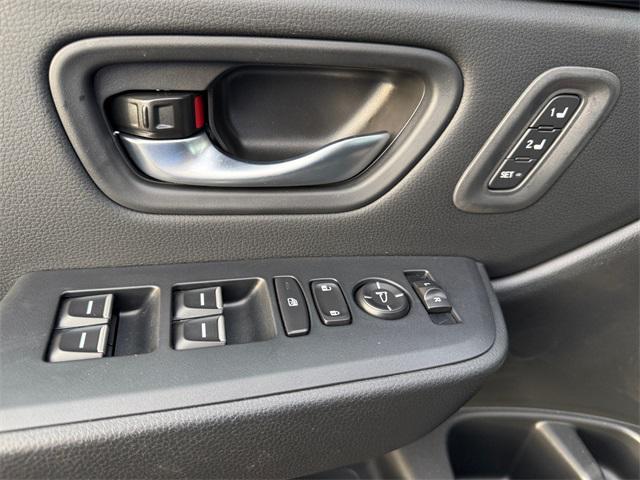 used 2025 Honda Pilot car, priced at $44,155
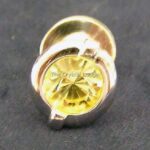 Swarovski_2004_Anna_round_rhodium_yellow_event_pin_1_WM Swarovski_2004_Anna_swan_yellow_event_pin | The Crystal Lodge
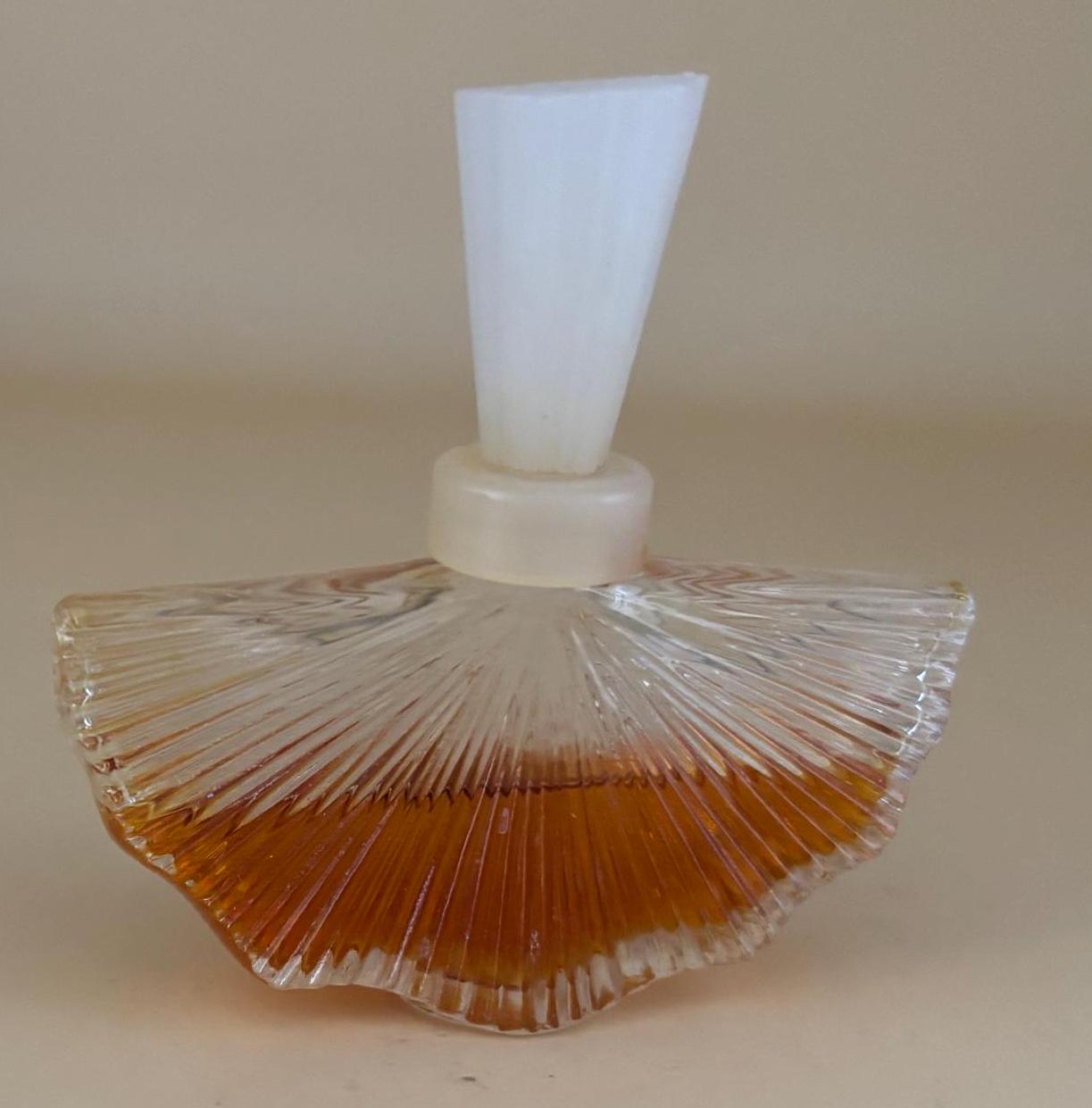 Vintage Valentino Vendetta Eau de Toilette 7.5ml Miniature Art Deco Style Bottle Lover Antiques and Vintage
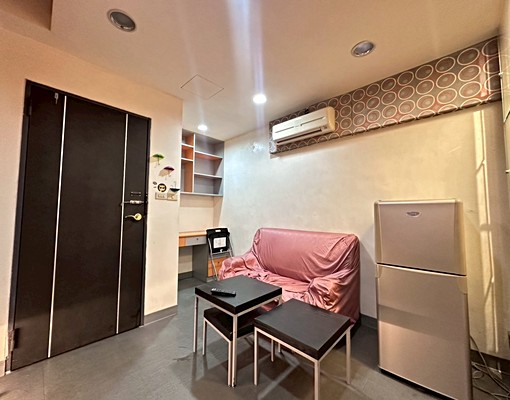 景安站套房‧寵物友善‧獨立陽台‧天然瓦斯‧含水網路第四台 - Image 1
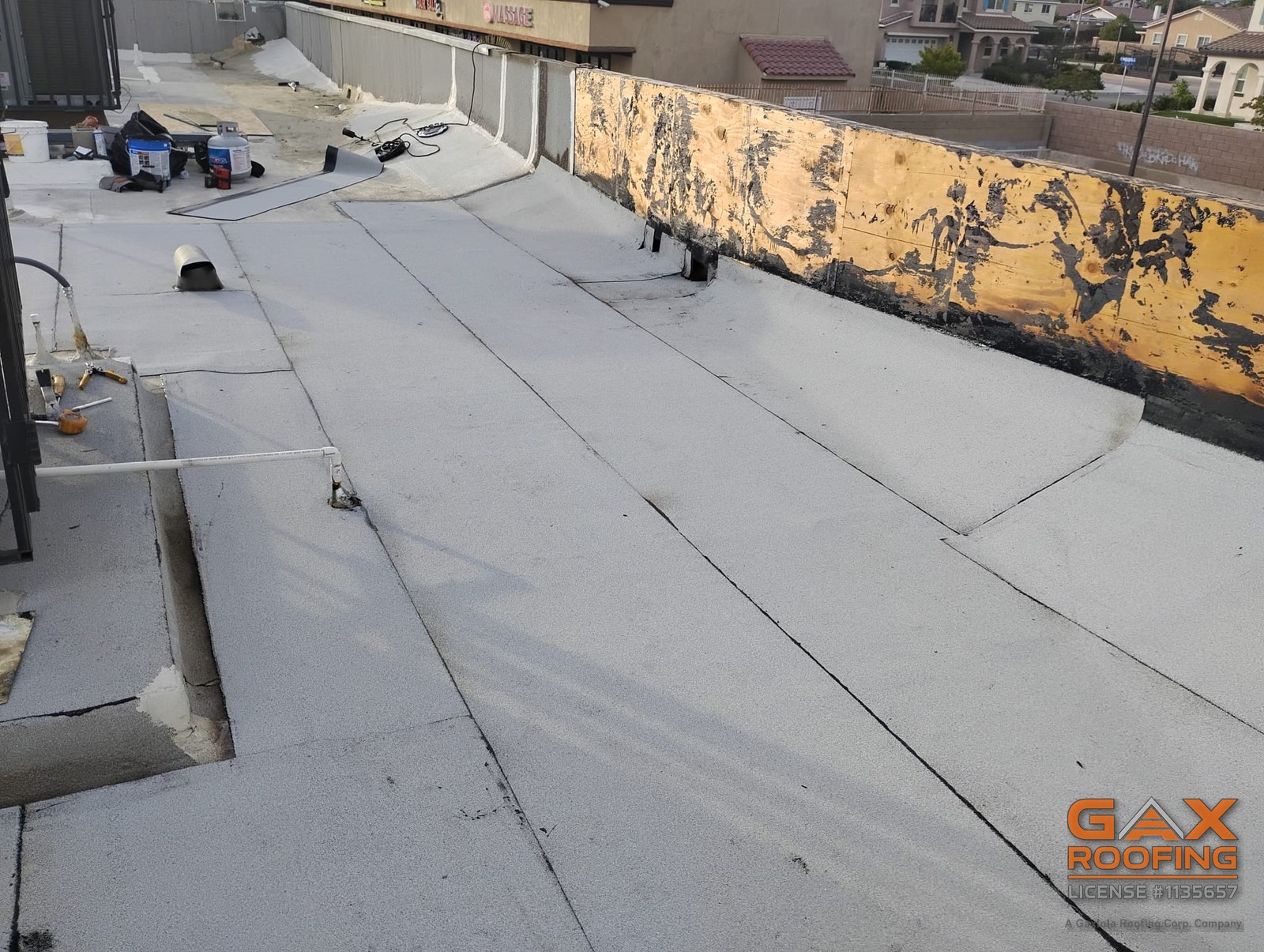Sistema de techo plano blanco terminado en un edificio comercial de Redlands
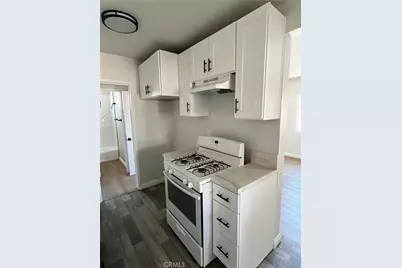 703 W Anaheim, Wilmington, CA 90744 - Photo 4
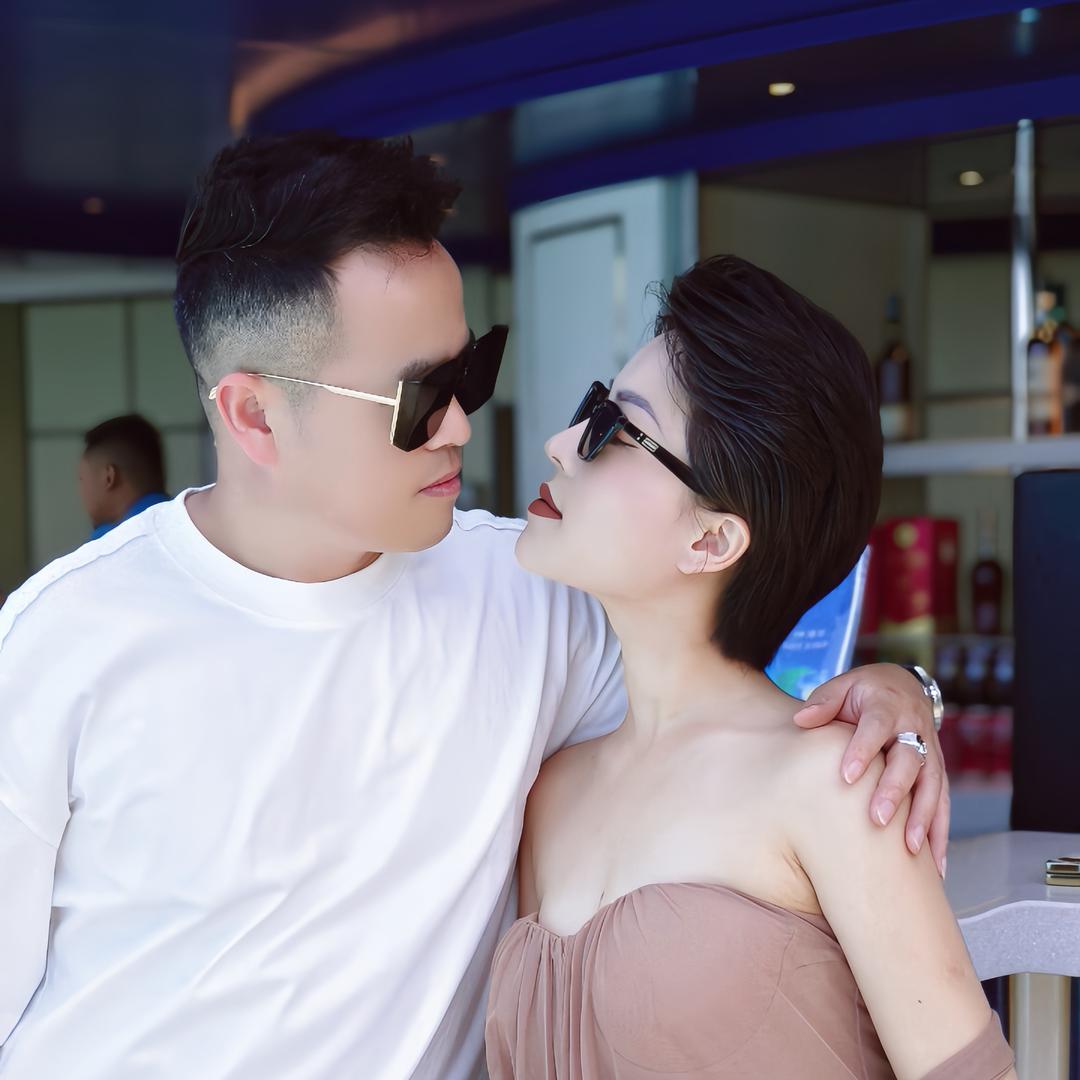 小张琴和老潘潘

Instructions to follow:
Quote every line of the records above exactly; no picture is to be copied.

Answer:
 used 2025 Honda Pilot car, priced at $44,155
 Swarovski_2004_Anna_round_rhodium_yellow_event_pin_1_WM Swarovski_2004_Anna_swan_yellow_event_pin | The Crystal Lodge
 Vintage Valentino Vendetta Eau de Toilette 7.5ml Miniature Art Deco Style Bottle Lover Antiques and Vintage
 景安站套房‧寵物友善‧獨立陽台‧天然瓦斯‧含水網路第四台 - Image 1
Sistema de techo plano blanco terminado en un edificio comercial de Redlands
 703 W Anaheim, Wilmington, CA 90744 - Photo 4
 小张琴和老潘潘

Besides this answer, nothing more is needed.